Exercise B: Exploring the basic properties of a standard coalescence tree

Doing this by hand is obviously a bit tedious. So based on the R code snippets you already got, we have built a function that allows you to do this automatically (it even makes a drawing of the tree). You can use it from the course server by typing the following in R:

source("/Users/PM/Dropbox/PHD/POPGEN_SUMMERCOURSE/simulatecoalescencetrees.R")

Once you have done this you can simulate and draw trees just like you just did by hand by typing the code below, which will print out ten trees on the screen:

par(mfrow=c(2,5))
for(i in c(1:10)){
         print("New Tree")
         yourtree <-simtree(5) # simulate tree with 5 nodes
         ct<-read.tree(text=yourtree);plot(ct,cex=1.5);add.scale.bar(y=1.2,x=0.2,cex = 2,col = "red",lcol="red",lwd=3)
         print(" ")
}

You should see several trees printed out in the screen. If this doesn't happen, try downloading the R script from this github website, and then running it locally in your machine (after you cd to the folder in which you downloaded the script).

library("ape")

Note that the code also prints the simulated coalescence times.
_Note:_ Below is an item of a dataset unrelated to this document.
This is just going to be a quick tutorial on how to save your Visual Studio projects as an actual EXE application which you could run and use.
Based on the results you get answer the following questions:

1. Which coalescence event takes the longest on average (the first coalescence event, the second, third, or the last)? And which event takes the shortest on average?
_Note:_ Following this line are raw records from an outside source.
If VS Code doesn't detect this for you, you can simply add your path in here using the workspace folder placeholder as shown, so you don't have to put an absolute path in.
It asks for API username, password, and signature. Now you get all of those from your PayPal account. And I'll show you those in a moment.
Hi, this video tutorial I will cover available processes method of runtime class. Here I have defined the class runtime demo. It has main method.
2. Is that what you would expect? Recall that the mean of an exponential distribution with rate lambda is 1/lambda and the coalescence rate when there are n nodes left is n(n-1)/2. So the mean is 2/(n(n-1)), so for instance for when there are 5 nodes left the mean coalescent time is 2/(5(5-1))=0.1

for(n in c(1:5)){
  print(n)
  mean_coalesnce_time = 2/(n*(n-1))
  print(mean_coalesnce_time)
}

3. Which coalescence event time seems to vary the most?

#The last coalescence events, the smaller the rate the higher the variance.

4. Is that what you would expect? Recall that the variance of an exponential is 1/(lambda^2).